Continual learning (CL) is the sub-field of machine learning concerned with accumulating knowledge in dynamic environments. So far, CL research has mainly focused on incremental classification tasks, where models learn to classify new categories while retaining knowledge of previously learned ones. Here, we argue that maintaining such a focus limits both theoretical development and practical applicability of CL methods. Through a detailed analysis of concrete examples - including multi-target classification, robotics with constrained output spaces, learning in continuous task domains, and higher-level concept memorization - we demonstrate how current CL approaches often fail when applied beyond standard classification. We identify three fundamental challenges: (C1) the nature of continuity in learning problems, (C2) the choice of appropriate spaces and metrics for measuring similarity, and (C3) the role of learning objectives beyond classification. For each challenge, we provide specific recommendations to help move the field forward, including formalizing temporal dynamics through distribution processes, developing principled approaches for continuous task spaces, and incorporating density estimation and generative objectives.

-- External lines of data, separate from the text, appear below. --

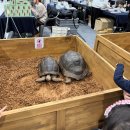 즐거운 사진 생활 | 텐디의 즐거운 이중생활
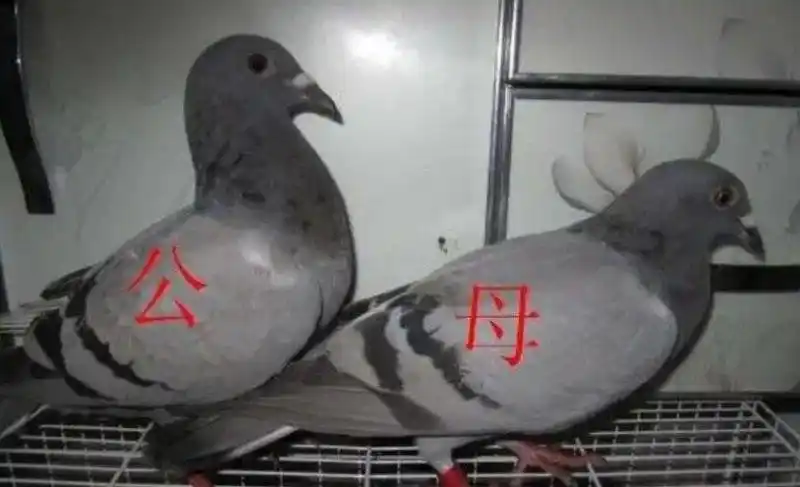 分辨鸽子公母的正确方式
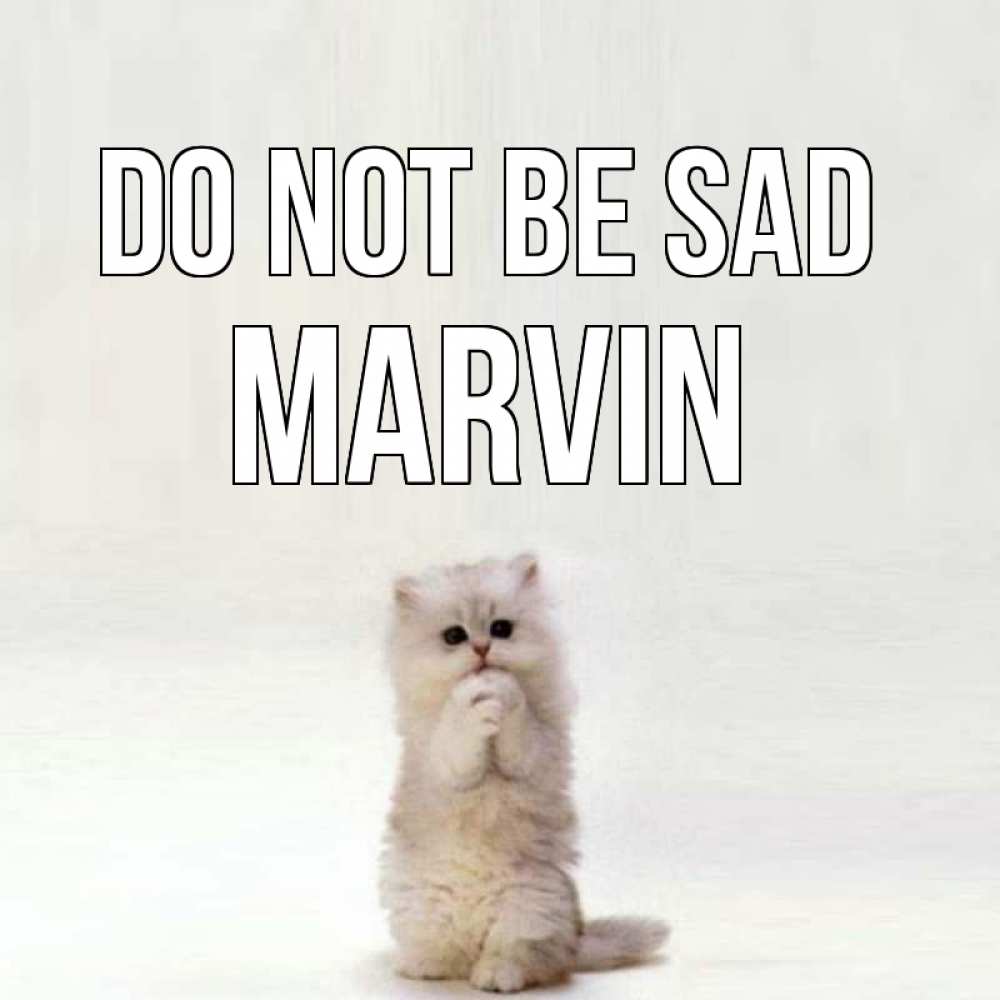Greetings card с именем, Marvin Do not be sad грустный кот Greetings with text for free download 
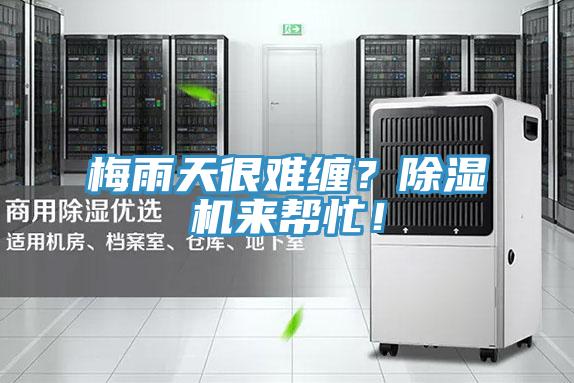 梅雨天很難纏？除濕機來幫忙！
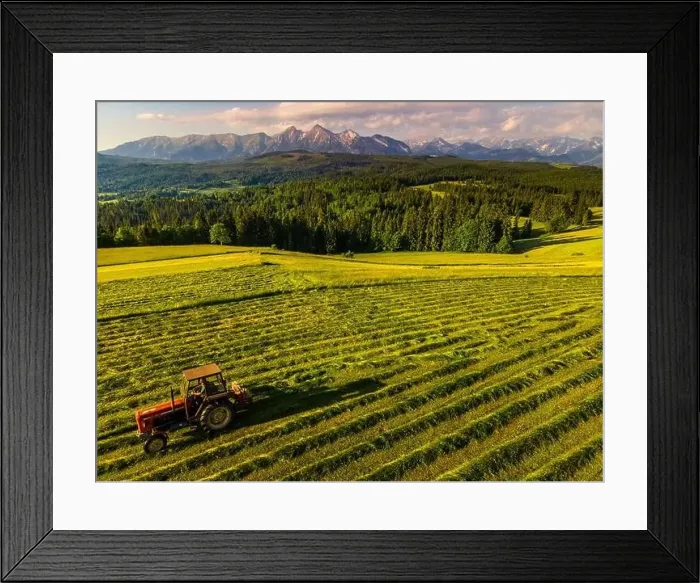 Framed Print : Summer Haymaking in Rural Countrysidde in High Tatras in Poland Framed Print : Summer Haymaking in Rural Countrysidde in High Tatras in Poland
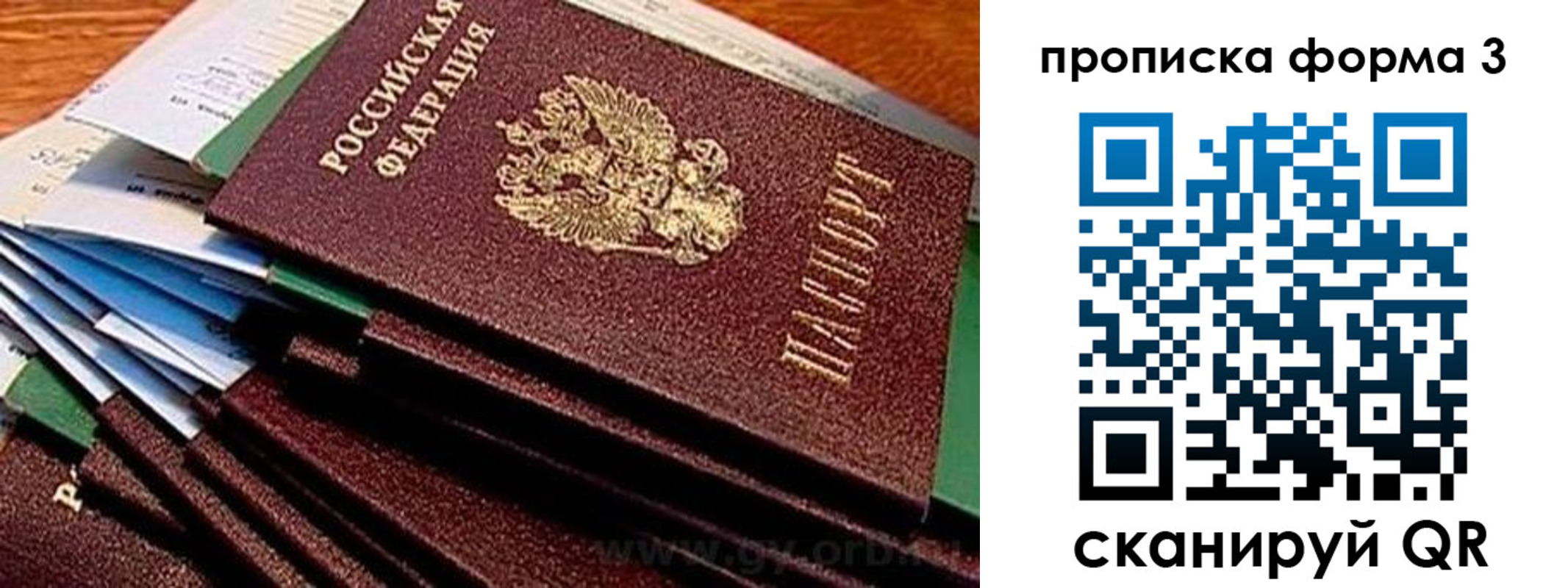 прописка иностранных граждан в Светлограде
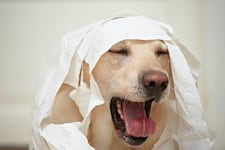 ¿Cuándo la tos de mi perro no es normal?
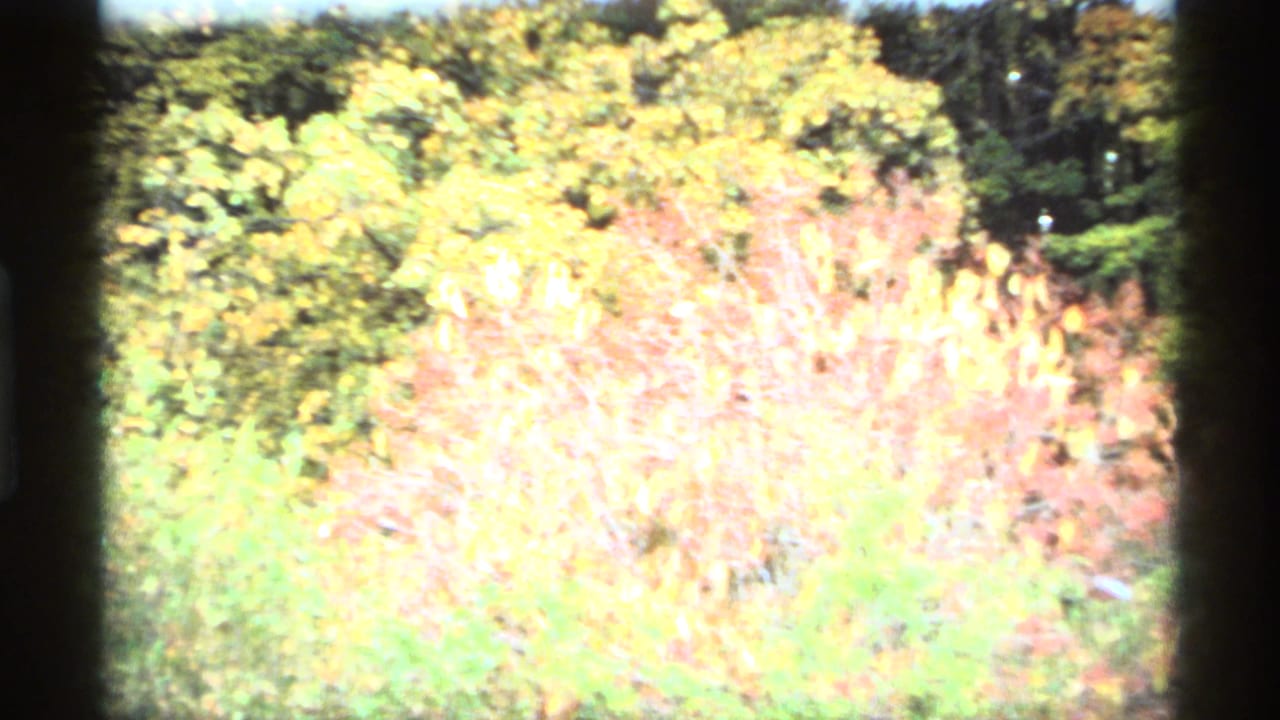 Bright overexposed autumn shrubs and trees beside darker forest background.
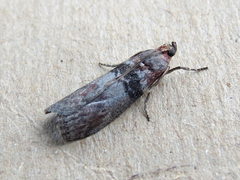 Sciota vetustella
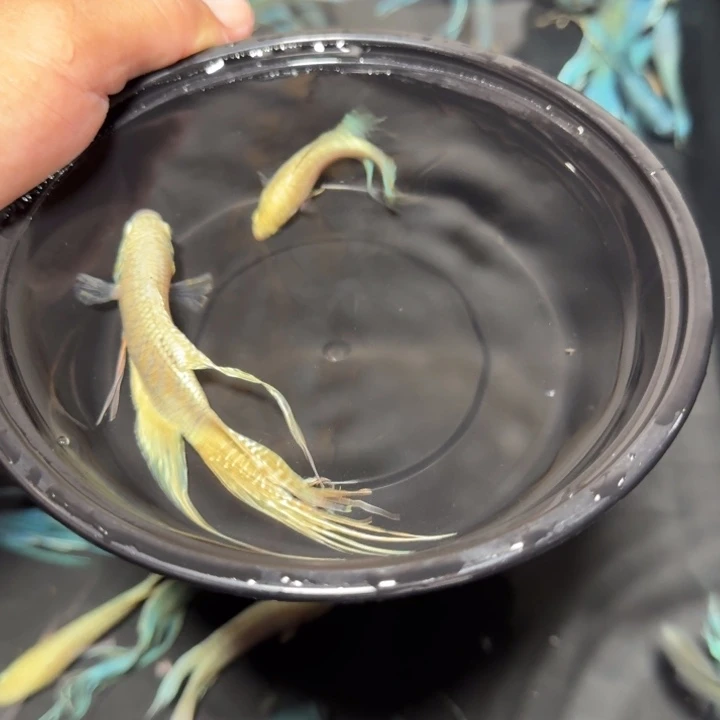 斗鱼直播间对图瑕疵白蛇13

In so doing, this position paper aims to broaden the scope of CL research while strengthening its theoretical foundations, making it more applicable to real-world problems.

翻译：持续学习（CL）是机器学习中关注动态环境下知识积累的子领域。迄今为止，持续学习研究主要聚焦于增量分类任务，即模型在学习对新类别进行分类的同时保持对已学类别的知识。本文认为，维持这种研究焦点既限制了持续学习方法的理论发展，也制约了其实际适用性。通过对具体案例的详细分析——包括多目标分类、受限输出空间的机器人学、连续任务域中的学习以及高层概念记忆——我们论证了当前持续学习方法在标准分类任务之外的应用中经常失效的原因。我们识别出三个根本性挑战：（C1）学习问题中连续性的本质，（C2）度量相似性的空间与指标选择，（C3）超越分类的学习目标作用。针对每个挑战，我们提出具体建议以推动领域发展，包括通过分布过程形式化时序动态、开发连续任务空间的原理性方法、以及引入密度估计与生成式目标。通过这一立场论文，我们旨在拓宽持续学习的研究范畴，同时加强其理论基础，使其更适用于现实世界问题。